I don’t believe I had ever seen alpacas before. I wanted to bring them home with me! How cute!! (And in answer to my son’s question last night – no, I didn’t immediately want to begin raising them. There are limits …)
And the yarn. Oh. My. Gosh. Would you like to hear what I got?
- At the first barn I entered, I fell in love with a super bulky hand dyed and spun fine merino yarn with a rayon wrap. The colors are much warmer than the photo (below). The color is Copper Canyon, and the 90 yard bundle will make at least 2 scarves. I spent probably twenty minutes deciding which of Christine McKay’s yummy yarns to buy. And I almost bought several of her knit dog leashes for friends. These leashes are fabulous!
- Next I saw the Tess Designer Yarns booth. Holy Mother of Sheep!!! I’ve seen Tess’s ads in knitting magazines before, but have never seen such lusciousness all in one place. I didn’t buy anything, but will be visiting her website the next time I need any yarn!
- At Jennie the Potter‘s booth, I got some sweet little stitch markers. I had just discovered Jennie’s blog the day before, and saw her tweet that she had just had a baby boy that morning! Her mom was manning the booth, and I got to see her iPhone pic of her darling new grandson. We shared stories of our grandchildren, and how much we love being grandmothers. What a treat!
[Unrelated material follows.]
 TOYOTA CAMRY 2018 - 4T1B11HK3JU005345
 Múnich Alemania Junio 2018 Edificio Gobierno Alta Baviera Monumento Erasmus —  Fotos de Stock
- Next I stopped at Still River Mill‘s booth. I’m trying to dye a lavender Eileen Fisher jacket to a deeper color, maybe even black. My first round with acid dyes didn’t get very far, and Still River sells green (fewer chemicals) dyes. I got a jar of their Midnight Black to try, and picked up a skein of laceweight 100% cashmere and a pattern for fingerless gloves to keep my hands warm in the office.
- After quickly navigating one more barn, I went over to the three large buildings to find the Creatively Dyed Yarn booth. But I got waylaid! I was smitten by Koko Noelle‘s buttons and shawl pins. I got a shawl pin for the sweater I knit last year. If the color doesn’t work, I’ll just have to knit another sweater to go with the pin! And I picked up a couple of great buttons for my collection.
- Then, alas, I saw Noni‘s booth. Noni is known for her felting patterns. All sorts of fabulous bags, flowers, and other accessories can be knit and then felted to create wonderful works of art. I’ve made one of her bags before, and think she is a genius. Well, her booth displayed many of her bags, finished so you could see what the pattern would make up like. But better than that, she had feltable yarns in every imaginable color. And they were rainbowed across the wall in such a manner that you wanted to just burrow your head into the stacks of wool. Incredible! I bought one skein of lime wool to go with a variegated wool I bought from Happy Fuzzy Yarns at the last show I attended. These two will be knit together in a mitered square scarf. And I bought one of her great bag closures. Now I know where I’ll be getting all my bag hardware in the future!
- Turning the corner to walk down the other aisle of the building, I saw Dianne’s Creatively Dyed Yarn booth. The name says it all! She has some of the most beautiful color combinations I’ve seen. I bought two skeins of worsted weight that is 80% superwash merino, 10% bamboo and 10% seacell. This will be knit into a sweater for me-me-me! The colors? Rust, olive, avocado, turquoise, teal, charcoal, cream, yum!!! And I got a hank of roving that is 30% seacell and 70% wool. I’ll use this in the next Nuno felted scarf.
By this time, I had been at the show a little over three hours and was feeling like I couldn’t look at another skein of yarn. (Or spend another dollar!!) I stowed my bags on the passenger seat so I could continue admiring them on my six-hour drive home.
After a couple of hours, I stopped at a Wendy’s along route 84 to get a late lunch. Three women walked in, one carrying her yarn. I watched where they sat and went to sit near them. We started talking, and I learned two of the women were from Meadville, PA, (60 miles NNE of Youngstown) and one was from Madison, OH (where my guy and I and our friends go for 4th of July week every year).
What fun to meet other women who are as crazy as I to take a 400-mile trip just to touch wool.